# Some mold on inside of plywood roof



## Ron6519 (Mar 28, 2007)

capecodfun said:


> IS there a way to clean it off without ripping of the roof and plywood?
> 
> The roof itself is not bad. The airflow was obstructed from the soffit vents to the ridge vent by too much insulation and no baffling. Is there a way to clean the plywood and re-baffle? Or does all of it have to be ripped off. The plywood is NOT rotted. Some bays have small amount of mold some dont. After removing insulation the plywood dried right out and the mold appears to be dormant. I asked similar question before but got no response. Help?
> 
> I have heard clorox but research suggests that does NOT kill all mold. This mold is not in a living space and I realize tearing off the entire roof is probably the best option even though its 14 yrs old and the outside shingles have at least 5 years left. The roof does not leak. Cape Cod Style house.


They sell mold killing solutions at the grocery store. They used to have one called, "X-15" you used in the bathroom. I don't know how well they work at low temps.
Ron


----------



## Jackofall1 (Dec 5, 2010)

A 15% bleach solution will kill the mold.

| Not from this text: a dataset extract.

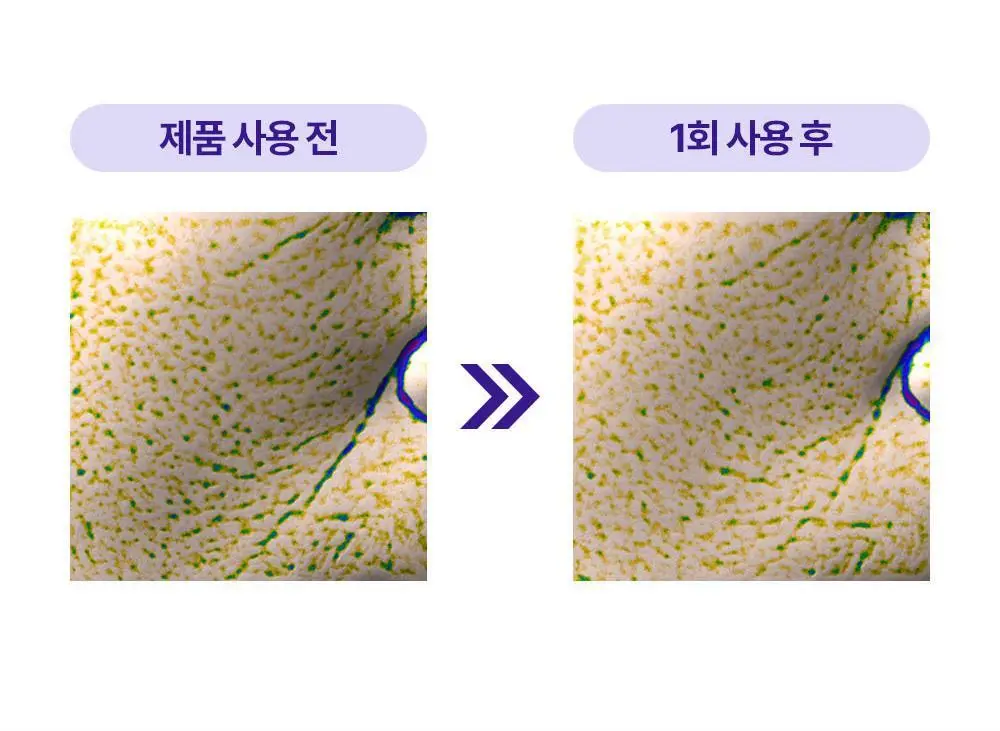 리얼베리어 레티니올 모공 타이트닝 세럼 겔 마스크 30g 상세페이지 15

But I am sure you will get many replies to this posting, as there a many experts on mold registered here.


----------



## capecodfun (Jan 26, 2011)

*hmm*

Experts on mold...........Anyway anybody that has had a similar situation or ideas is helpful. I doubt that im the only one that has had improperly installed insulation cause a problem like this. This situation is occuring in the side attics. The actual attic has only floor insulation and no insulation on the underside of the roof. I have also had various opinions on the way to insulate after removing the mold. Some say baffle and reinsulate and others say tear off the insulation under the roof and insulate only the outside of the kneewalls and the floor of the "Side attics". 

I didnt realize before i bought the house the various issues cape cod style houses present. I do now.:yes:


----------



## Ron6519 (Mar 28, 2007)

capecodfun said:


> Experts on mold...........Anyway anybody that has had a similar situation or ideas is helpful. I doubt that im the only one that has had improperly installed insulation cause a problem like this. This situation is occuring in the side attics. The actual attic has only floor insulation and no insulation on the underside of the roof. I have also had various opinions on the way to insulate after removing the mold. Some say baffle and reinsulate and others say tear off the insulation under the roof and insulate only the outside of the kneewalls and the floor of the "Side attics".
> 
> I didnt realize before i bought the house the various issues cape cod style houses present. I do now.:yes:


The rooms in the second floor should only be insulated around the room structure. The roof rafters that wrap the room get insulation, not the areas in the crawl space behind the knee walls.
Check out any insulation manufacturer's website. They'll have a visual of what I just decscribed.
Ron


----------



## Maintenance 6 (Feb 26, 2008)

Here we go again. :laughing: Wipe it down with a good cleaner. Be thorough in wiping everything. Let it dry. Treat it with a fungicide. Walk away. As long as you've resolved the moisture issue, it's not likely to return. Any off the shelf product that says "kills mold and mildew" will work. Most contain bleach (sodium hypochlorite). There is absolutely no reason to remove the roof sheathing if it hasn't rotted or somehow come apart. Just don't brush the crap off and let it fall into the insulation. And wear a respirator, just in case you find yourself allergic to the stuff.


----------



## mrgins (Jan 19, 2009)

Maintenance 6 said:


> Here we go again. :laughing: Wipe it down with a good cleaner. Be thorough in wiping everything. Let it dry. Treat it with a fungicide. Walk away. As long as you've resolved the moisture issue, it's not likely to return. Any off the shelf product that says "kills mold and mildew" will work. Most contain bleach (sodium hypochlorite). There is absolutely no reason to remove the roof sheathing if it hasn't rotted or somehow come apart. Just don't brush the crap off and let it fall into the insulation. And wear a respirator, just in case you find yourself allergic to the stuff.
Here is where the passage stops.